5. コンプライアンスの事例(不祥事)
2020年の企業不祥事やコロナ関連等の官民不祥事 その1「NSSOL架空取引」
私見によれば、このような網羅的な対策ではなくて、NSSOLの架空取引がNSSOL組織が被害者ではなく、最大のステークホルダーである株主を裏切る不祥事として、主体的で体系的な焦点を絞った最新のリスクマネジメントによる防止策が必要である。また、営業社員への研修はどのように何をするのか明確化すべきである。最も不思議なのは、コンプライアンスを指摘する見直しなどの言葉は出てこないが、本件不祥事は組織のコンプライアンスに問題はなかったのか不可解である。本当に本件は最新のコンプライアンスの観点、コンプライアンス・リスク管理の観点にも問題はなかったのであろうか。蛇足ながら、本サイトの企業不祥事分類を参考にしてほしい。今日では、ステークホルダーの観点から企業不祥事を分析しないと、原因と再発防止策を網羅的に、もっと言うと思いつくままに、非専門家があげても、不祥事はまた別の形で起こるであろう。片付いたように見えて、実は漱石が言っているように、単に形を変えて別の形でまた出てくるだけにならないようにすることが大切であろう。

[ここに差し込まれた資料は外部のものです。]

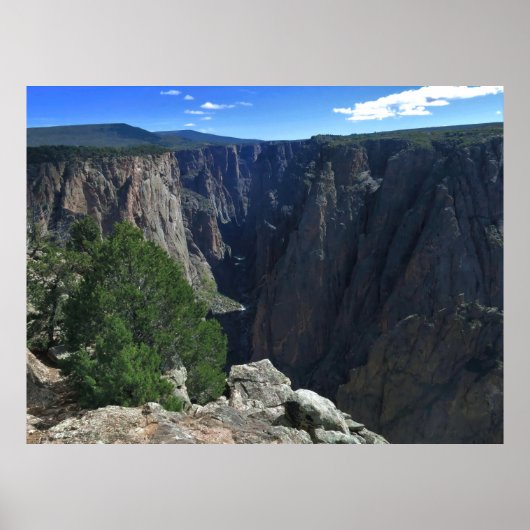 ザキャム ポスター (正面)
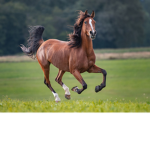 •~Horsey~•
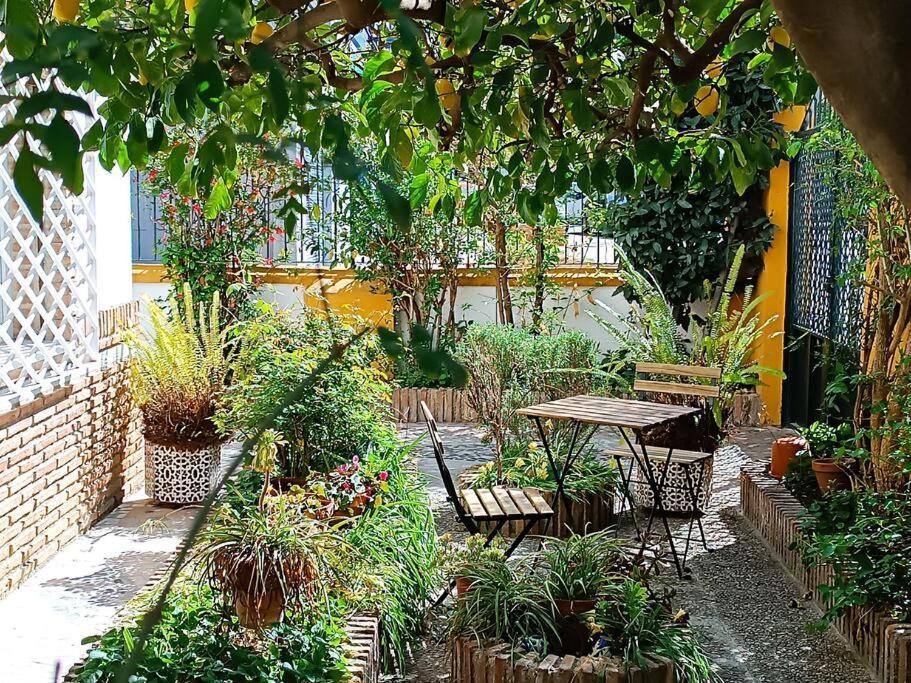 Casa Limonero Con Parking Gratis Junto A Centro Historico Villa Granada Bagian luar foto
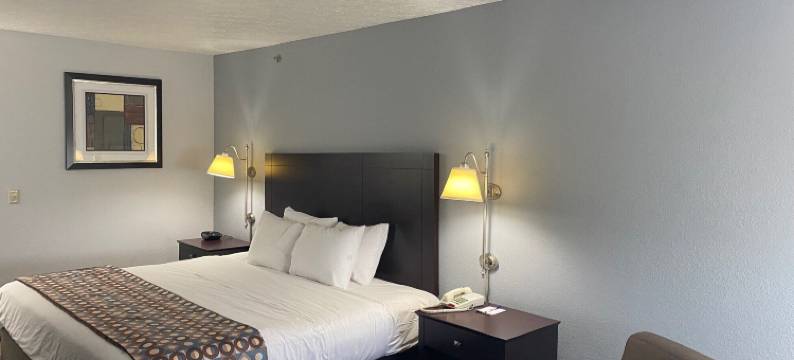 伊利诺伊丹维尔呗盟酒店(Baymont by Wyndham Danville IL)图片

(株)ディー・エヌ・エー(DeNA)のキュレーション事業での著作権法・薬機法等違反
本件のDeNAのキュレーション問題は、インターネットのプラットホームの問題、記事の委託先の管理の問題、マスメディアの創業者賛美による売り上げ第一主義、視聴率第一経営姿勢の問題(ワタミの過重労働自殺問題なども同じ)、企業買収(M&A)事業拡大におけるPMI (Post Merger Integration)問題、取引先決定の公正さの問題、不祥事における責任の取り方の問題、社会的損害に対する無責任、著作権法の理解不足、軽視と法規範としての2次的扱い、コンプライアンス違反があったのであれば、本サイトの私の論考にあるように、正面からコンプライアンスの適正復活に心血を注ぐべきで、そこでは職業倫理が中心になるとの問題などがあろう。もちろん、リスクマネジメントの問題として、3つのデフェンスライン、ERM2017の企業への取り込みなどはこの会社などの最大の喫緊問題だ。